In the spring of 1799, the city of Philadelphia, PA was bureaucrat heaven. The State, Local and Federal governments were for the most part sharing the same space, and the their constituent parts were lodged in every nook and cranny of downtown Philly. Politicians from every conceivable level were walking the streets and 18th century lobbyists were waiting behind every corner waiting to pounce.
But then, almost suddenly, the city was abandoned. First the Pennsylvania government decided they needed more space and they moved to Lancaster in the middle of the summer. Then, in 1800, the Feds moved to Washington, and Philadelphia was left with only its local pols, and a pressing need with some other industry to fuel its economy.
That the city did, but the few blocks around Chestnut street continued to hold the remains of what was at one time the center of the American universe.
It was here at the old State House, on the first floor, that the Second Continental Congress, decided to declare themselves a thing called the United States of America in 1776. Then ten years later, the same Congress, now located in New York, endorsed the creation of a heretofore-illegal convention to replace the ramshackle constitution that had been in effect since 1781, and suggested holding it in the empty lower floor of the Pennsylvania State House.
But in 1801 no one really cared all that much about historic preservation, and the place became a warehouse, then an art school, then Charles Wilson Peale’s museum, which was meant to be Philly’s answer to P. T. Barnum’s in New York.
Peale’s Museum was thrown out when it was decided the building was too venerable, and became a more dignified public space, before being turned into a shrine in 1876.

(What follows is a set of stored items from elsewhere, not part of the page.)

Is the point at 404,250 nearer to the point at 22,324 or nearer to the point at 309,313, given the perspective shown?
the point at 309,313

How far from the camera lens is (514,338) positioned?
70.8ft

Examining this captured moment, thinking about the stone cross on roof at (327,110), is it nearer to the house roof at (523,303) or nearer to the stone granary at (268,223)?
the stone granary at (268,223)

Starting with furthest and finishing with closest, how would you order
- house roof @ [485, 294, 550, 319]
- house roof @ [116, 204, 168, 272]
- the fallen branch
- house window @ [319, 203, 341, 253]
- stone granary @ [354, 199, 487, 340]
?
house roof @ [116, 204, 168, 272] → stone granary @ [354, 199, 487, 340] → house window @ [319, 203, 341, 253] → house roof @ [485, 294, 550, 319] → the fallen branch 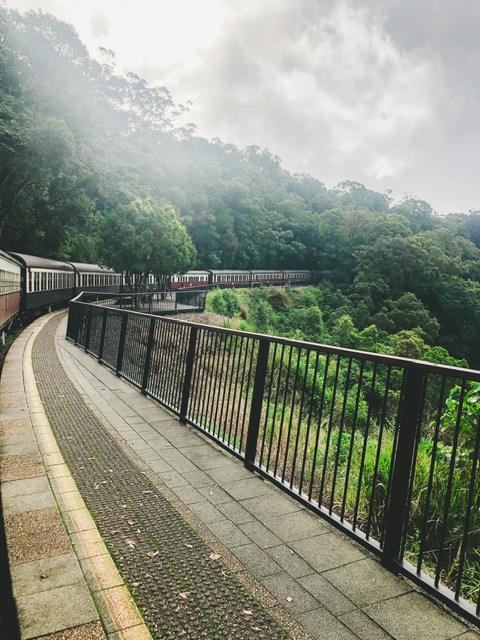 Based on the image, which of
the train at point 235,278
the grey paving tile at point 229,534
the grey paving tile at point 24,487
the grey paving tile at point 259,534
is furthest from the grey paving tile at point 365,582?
the train at point 235,278

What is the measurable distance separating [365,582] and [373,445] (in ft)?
11.0

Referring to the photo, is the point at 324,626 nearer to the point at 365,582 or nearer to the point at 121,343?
the point at 365,582

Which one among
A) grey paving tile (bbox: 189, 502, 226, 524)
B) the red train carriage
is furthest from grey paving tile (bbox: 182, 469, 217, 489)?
the red train carriage

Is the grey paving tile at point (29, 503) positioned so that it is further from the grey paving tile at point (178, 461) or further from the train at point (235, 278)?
the train at point (235, 278)

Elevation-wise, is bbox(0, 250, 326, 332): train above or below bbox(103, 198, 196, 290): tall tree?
below

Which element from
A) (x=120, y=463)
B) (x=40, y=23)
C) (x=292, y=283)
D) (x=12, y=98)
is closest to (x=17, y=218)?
(x=12, y=98)

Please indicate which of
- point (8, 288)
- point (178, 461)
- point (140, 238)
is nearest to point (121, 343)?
point (178, 461)

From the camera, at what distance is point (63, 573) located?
8.12 feet

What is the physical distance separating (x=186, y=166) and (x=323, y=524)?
7408 centimetres

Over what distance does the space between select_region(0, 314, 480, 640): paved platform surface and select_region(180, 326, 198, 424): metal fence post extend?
2.53 feet

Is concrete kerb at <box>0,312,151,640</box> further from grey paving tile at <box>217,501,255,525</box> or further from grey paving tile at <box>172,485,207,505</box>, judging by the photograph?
grey paving tile at <box>217,501,255,525</box>

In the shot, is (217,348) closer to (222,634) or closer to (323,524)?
(323,524)

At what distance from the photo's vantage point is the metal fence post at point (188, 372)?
5.42 meters

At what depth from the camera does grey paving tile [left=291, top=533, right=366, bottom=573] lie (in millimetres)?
2705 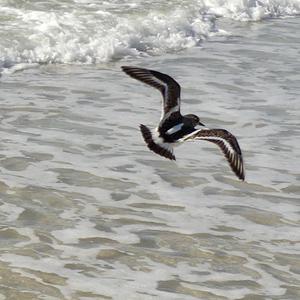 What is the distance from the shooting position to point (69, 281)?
5707 millimetres

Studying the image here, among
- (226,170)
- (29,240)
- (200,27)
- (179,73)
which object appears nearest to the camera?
(29,240)

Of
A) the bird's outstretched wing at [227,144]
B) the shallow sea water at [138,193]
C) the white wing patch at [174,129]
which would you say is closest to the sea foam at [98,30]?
the shallow sea water at [138,193]

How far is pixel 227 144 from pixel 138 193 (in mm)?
943

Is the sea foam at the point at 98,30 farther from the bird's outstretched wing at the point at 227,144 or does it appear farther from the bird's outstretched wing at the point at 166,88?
the bird's outstretched wing at the point at 227,144

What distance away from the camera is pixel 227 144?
6.57m

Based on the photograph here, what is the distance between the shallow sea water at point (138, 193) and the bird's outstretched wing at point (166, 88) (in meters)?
0.65

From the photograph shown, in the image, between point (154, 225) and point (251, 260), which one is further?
point (154, 225)

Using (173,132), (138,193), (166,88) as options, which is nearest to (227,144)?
(173,132)

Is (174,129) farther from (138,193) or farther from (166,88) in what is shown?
(138,193)

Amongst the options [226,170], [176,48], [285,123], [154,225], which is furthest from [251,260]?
[176,48]

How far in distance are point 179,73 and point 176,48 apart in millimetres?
1625

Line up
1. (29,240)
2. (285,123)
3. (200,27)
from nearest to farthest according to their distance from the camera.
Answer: (29,240)
(285,123)
(200,27)

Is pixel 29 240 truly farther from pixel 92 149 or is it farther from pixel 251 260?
pixel 92 149

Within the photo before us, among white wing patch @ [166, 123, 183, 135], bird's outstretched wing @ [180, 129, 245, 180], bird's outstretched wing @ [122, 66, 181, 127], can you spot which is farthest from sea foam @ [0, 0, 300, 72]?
bird's outstretched wing @ [180, 129, 245, 180] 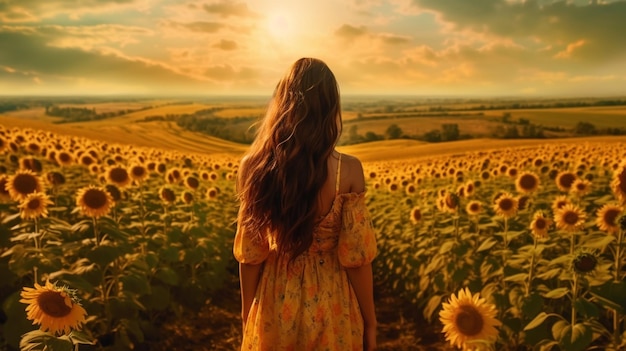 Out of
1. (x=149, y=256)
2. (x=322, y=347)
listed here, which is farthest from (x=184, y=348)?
(x=322, y=347)

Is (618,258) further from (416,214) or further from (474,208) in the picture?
(416,214)

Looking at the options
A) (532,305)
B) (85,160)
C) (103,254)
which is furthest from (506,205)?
(85,160)

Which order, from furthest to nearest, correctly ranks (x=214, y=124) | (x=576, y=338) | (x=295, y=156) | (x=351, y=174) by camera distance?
(x=214, y=124)
(x=576, y=338)
(x=351, y=174)
(x=295, y=156)

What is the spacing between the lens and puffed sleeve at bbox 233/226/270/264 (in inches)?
87.6

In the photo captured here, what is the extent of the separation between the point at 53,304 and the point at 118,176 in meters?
3.04

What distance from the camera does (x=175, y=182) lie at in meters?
6.32

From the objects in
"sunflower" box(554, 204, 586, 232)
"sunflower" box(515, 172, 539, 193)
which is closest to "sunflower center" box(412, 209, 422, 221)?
"sunflower" box(515, 172, 539, 193)

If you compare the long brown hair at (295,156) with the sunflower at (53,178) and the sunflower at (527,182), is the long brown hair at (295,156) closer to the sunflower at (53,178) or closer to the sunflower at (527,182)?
the sunflower at (527,182)

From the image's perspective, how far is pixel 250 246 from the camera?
2.24 m

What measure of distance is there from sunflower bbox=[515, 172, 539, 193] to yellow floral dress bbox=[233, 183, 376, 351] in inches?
114

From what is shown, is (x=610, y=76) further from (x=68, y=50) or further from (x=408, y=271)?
(x=68, y=50)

Today, while it’s been restored to it’s 1787 glory; one cannot help but be a bit sad that the top floor, which is where the rangers give their talks, couldn’t have been redone to be a restoration of Peale’s museum. An ancient freak show would be a perfect antidote to the solemnity of the assembly hall on the ground floor.

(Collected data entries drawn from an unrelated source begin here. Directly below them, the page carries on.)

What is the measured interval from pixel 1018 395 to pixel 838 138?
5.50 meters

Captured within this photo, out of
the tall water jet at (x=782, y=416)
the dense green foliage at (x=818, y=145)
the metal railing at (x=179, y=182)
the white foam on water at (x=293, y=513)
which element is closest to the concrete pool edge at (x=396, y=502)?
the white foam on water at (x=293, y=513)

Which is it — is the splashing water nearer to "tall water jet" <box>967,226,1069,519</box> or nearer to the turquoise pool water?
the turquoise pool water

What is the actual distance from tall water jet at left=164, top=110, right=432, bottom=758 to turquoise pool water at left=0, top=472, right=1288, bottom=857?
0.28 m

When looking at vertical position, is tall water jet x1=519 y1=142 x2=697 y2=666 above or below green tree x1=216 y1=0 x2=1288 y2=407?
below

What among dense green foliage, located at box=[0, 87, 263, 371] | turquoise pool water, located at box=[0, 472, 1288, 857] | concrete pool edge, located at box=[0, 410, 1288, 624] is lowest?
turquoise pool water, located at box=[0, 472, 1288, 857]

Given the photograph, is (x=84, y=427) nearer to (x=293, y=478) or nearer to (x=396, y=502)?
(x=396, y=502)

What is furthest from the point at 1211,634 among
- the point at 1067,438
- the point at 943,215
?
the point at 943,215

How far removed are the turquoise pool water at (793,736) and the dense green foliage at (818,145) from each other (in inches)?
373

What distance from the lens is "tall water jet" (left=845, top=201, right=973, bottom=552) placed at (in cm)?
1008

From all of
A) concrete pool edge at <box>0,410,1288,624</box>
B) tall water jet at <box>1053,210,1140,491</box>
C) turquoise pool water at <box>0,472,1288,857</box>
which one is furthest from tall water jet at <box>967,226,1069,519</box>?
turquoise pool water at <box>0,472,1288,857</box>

While independence Hall itself, and Congress Hall next door, which was where the first few Congresses under the constitution met, are well done museums, much of which surrounds it is not.
The shrine to the Liberty Bell is downright vulgar, and a number of private museums in the immediate area, most notably the Museum of Liberty, are total rip-offs. The National Constitution Center is hideously expensive, and when I was there, the place was full of advertisements for an exhibit that had already closed.
On the other hand, the visitor’s center has a couple of nice movie theaters and a couple of decent exhibits, and the Ben Franklin and Thomas Jefferson impersonators are relatively entertaining.
One thing that they’re currently doing is rebuilding the mansion that was where the Presidential residence was. When I was a kid, the site was a public toilet. I thought then as now that the President living in a toilet was hilarious.
Independence Park is a UNESCO Would Heritage site, and deservedly so. The two seminal events that happened here are is why it’s essential.